Wyllie, who passed away in 2017 at age 77, was a writer and an architect, a teacher and a telepath. He talked to dolphins, angels, and aliens, and co-founded a “spiritual community” most called a cult. Legend has it that he was the first person to give the Beatles acid.

He was also, it turns out, a prolific illustrator—and rarely seen examples of his work are on view this week at the Outsider Art Fair in New York, thanks to the curatorial project New Discretions

Timothy Wyllie.

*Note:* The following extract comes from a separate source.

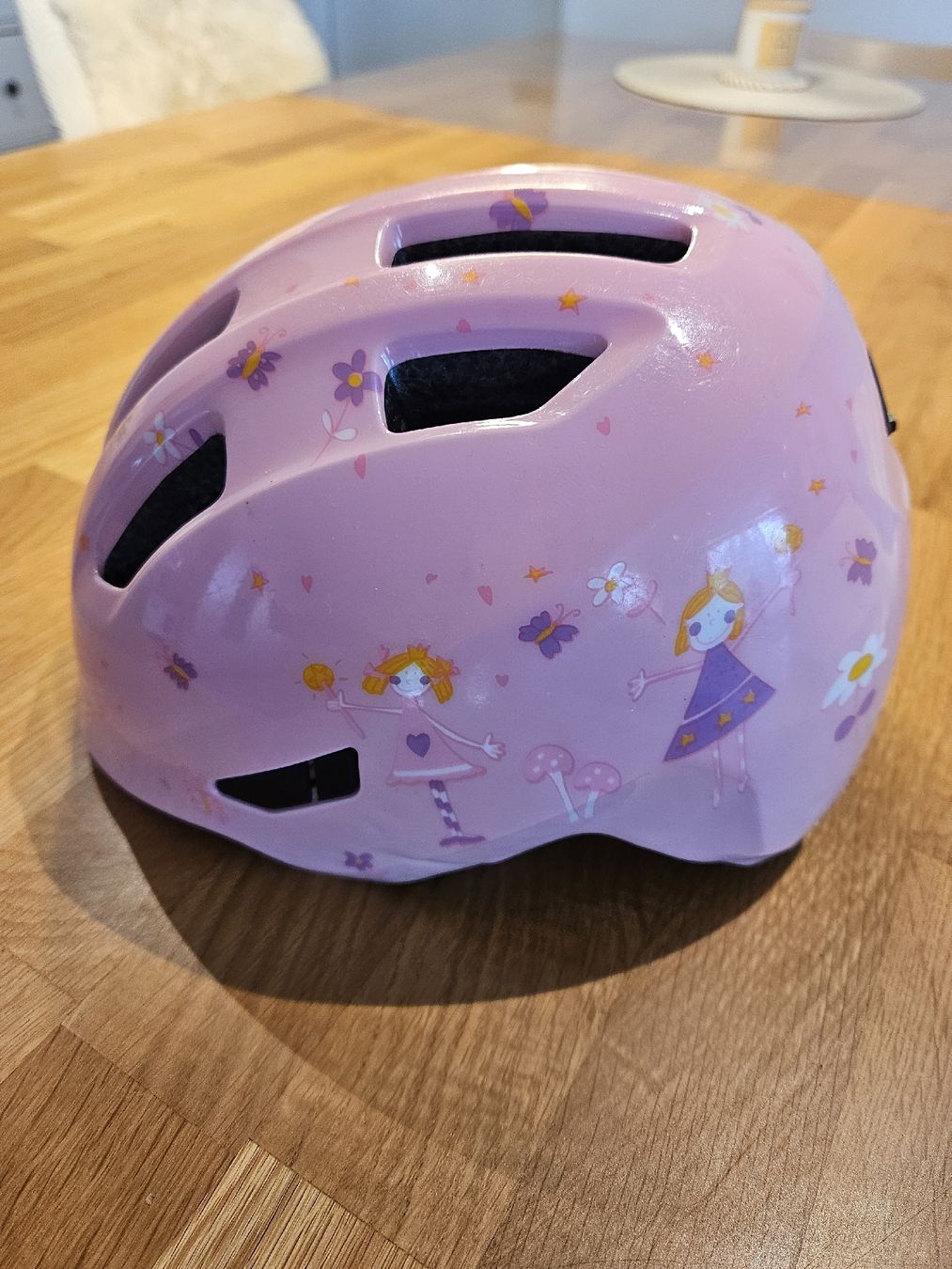 Abus Caschi: ABUS Kinderhelm (Mädchen), Grösse 45-50 cm – Usato da Muri AG venduto da Sunhill82 1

Photo courtesy of June Atkin.

Your mileage may vary on the term “outsider art,” but it’s figures like Wyllie—an artist who willfully operated outside the confines of industry, not just one ghettoized by the capital-A art world—for which the designation makes sense. 

Born in London, Wyllie trained to become an architect. After school, he became a member of the Process Church of the Final Judgment, a counter-cultural community that splintered off the Church of Scientology in the early 1960s and traveled across Europe and Canada before settling in the US.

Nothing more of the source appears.